Last week, the Wall Street Journal reported that the Foundation would reconsider its policy on overseas donations if Secretary Clinton was to run for President.
* WORLD * Three men living in Brooklyn were arrested in connection with plotting to aid ISIS. One of the men, an Uzbek national, had reportedly spoken about terror attacks, including assassinating President Obama. NYPD Commissioner Bill Bratton said the threat of lone wolf attacks inside the US was “real”. Meanwhile FBI Director James Comey said in a speech to the National Association of Attorneys General that extremists “exist in all 50 states.”
The relationship between the White House and Israeli Premier Benjamin Netanyahu is growing increasingly tense ahead of next week’s address to Congress. National Security adviser Susan Rice warned that Netanyahu’s visit was “destructive to the fabric of the relationship”. She told PBS: “We want the relationship between the United States and Israel to be unquestionably strong, immutable… regardless of which party may be in charge in either country.”
* BUSINESS * Director of National Intelligence James Clapper told lawmakers that a single, “cyber-armageddon”-type attack on US infrastructure is “less likely than a succession of costly computer attacks.” So we’ve got that going for us.
* CULTURE * Madonna took a tumble at the Brit Awards, apparently breaking only the Internet. Time looks at five other times she has “bounced back,” while the Material Girl also just happens to be the cover story in this week’s Rolling Stone.
* MEDIA * A compelling long read by aviation writer Jeff Wise in the current issue of New York magazine looks at his theories on the disappearance of MH370 and his appearances on CNN as part of their on-air “expert pool” during the network’s wall-to-wall coverage of the missing airliner.
There was no intro course on how to be a cable-news expert. The Town Car would show up to take me to the studio, I’d sign in with reception, a guest-greeter would take me to makeup, I’d hang out in the greenroom, the sound guy would rig me with a mike and an earpiece, a producer would lead me onto the set, I’d plug in and sit in the seat, a producer would tell me what camera to look at during the introduction, we’d come back from break, the anchor would read the introduction to the story and then ask me a question or maybe two, I’d answer, then we’d go to break, I would unplug, wipe off my makeup, and take the car 43 blocks back uptown.

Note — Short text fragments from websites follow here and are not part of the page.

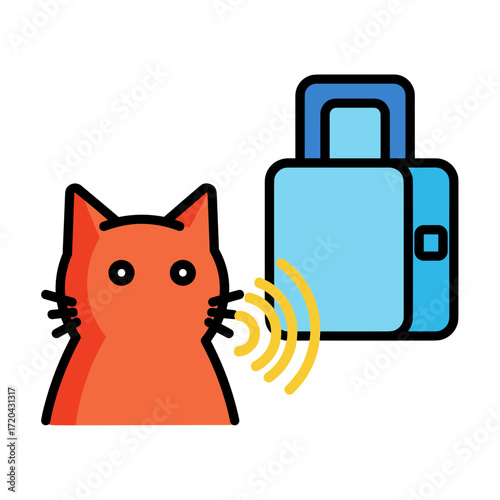 Orange cat head icon with sound waves interacting with blue padlock voice security.
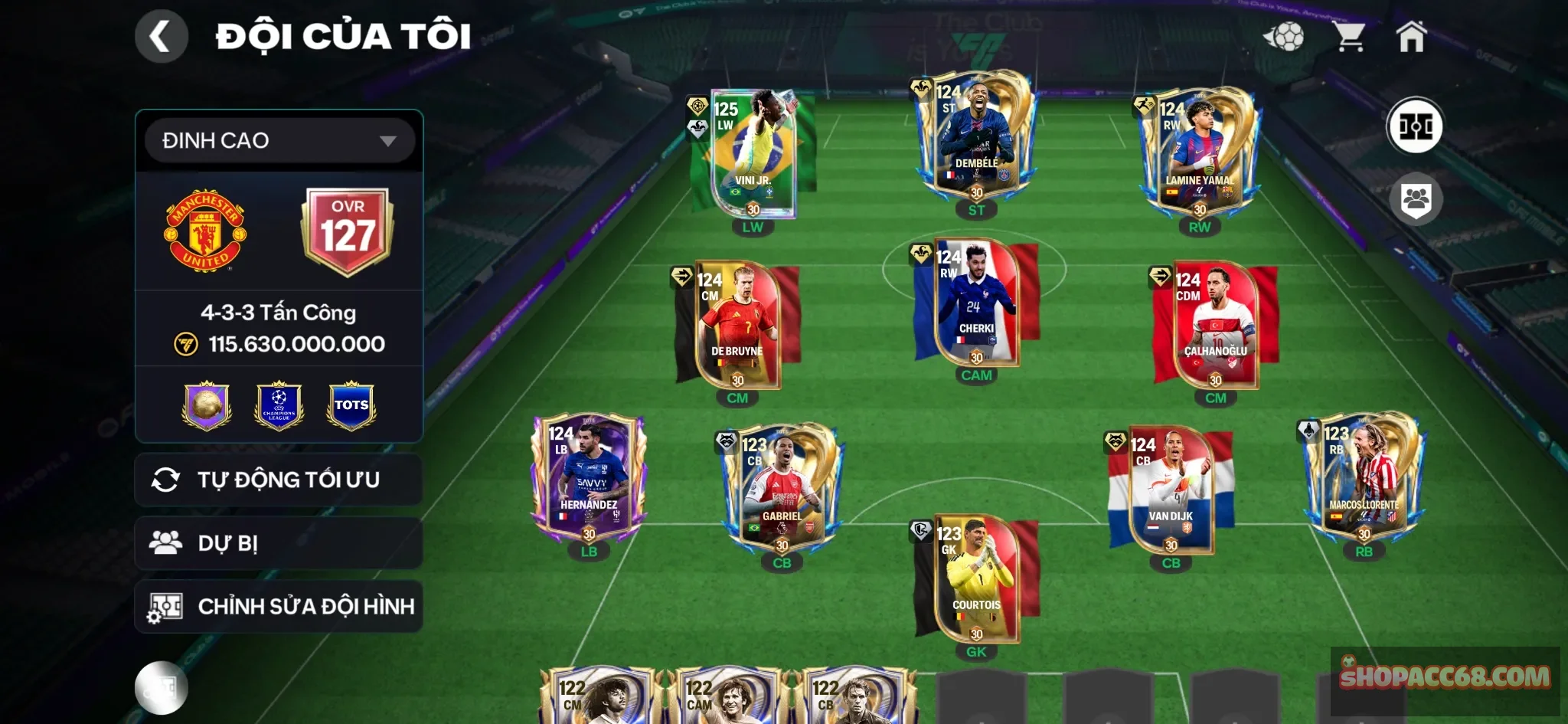 Ovr 127 Vini 120+Dembele+Yamal+ Nhiều cthu 119 , Đội hình ngon nhiều tài nguyên ,1b1 coin,18k hp ,1k hhth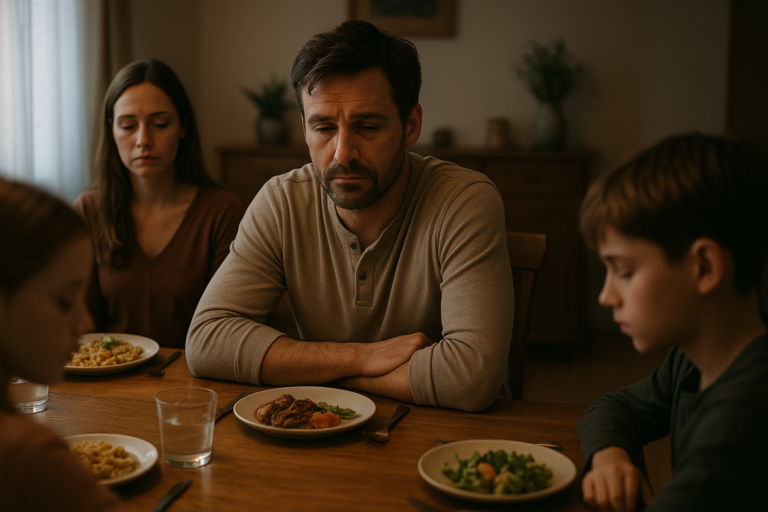 Hombre agotado sentado en una mesa familiar, mirando al vacío mientras su familia guarda silencio. La tensión y la distancia emocional se perciben en el ambiente.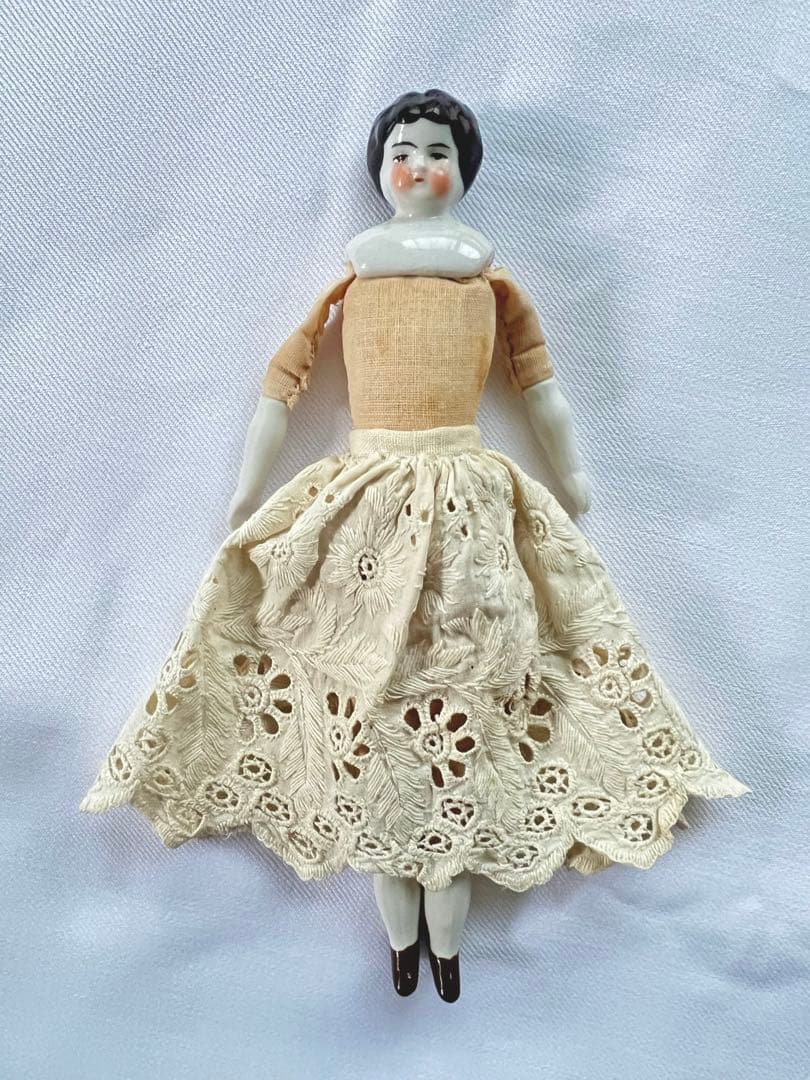 限定価格！チャイナヘッドドール　ドイツ　アンティーク　レース　20センチ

Then a couple of hours later, I’d do it again. I was spending 18 hours a day doing six minutes of talking.
..the story ended the way most news stories do: We just stopped talking about it.
Seriously – have a read of this fascinating piece. It’s well worth your time.
Also in aviation-related news, three Al Jazeera journalists were reportedly arrested on suspicion of flying a drone over Paris tourist attractions.
* SPORTS * As football continues to digest Fifa’s decision to switch the timing of the 2022 World Cup in Qatar, with the BBC‘s Dan Roan writing that the controversy “could tear the game apart.”
In short, expect the rifts and divisions that already blight football to be widened like never before, perhaps beyond repair, as the fall-out from Fifa’s scandal-ridden and bungled bidding process continues.
ESPN reports that “Pitcher Jason Hammel heard the speech for the first time in six years, as he played for [Joe] Maddon in Tampa Bay from 2006 to 2008. He says it hasn’t changed.”
Meanwhile, according to Jim Harbaugh: “It’s like your birthday or New Year’s or Thanksgiving,” he added. “It’s like Christmas. It’s like a family reunion. It’s all of those things, all rolled in one. It’s happening. It’s like the first day of school — you lay your clothes out the night before, pack your lunchbox tight and you head to school.”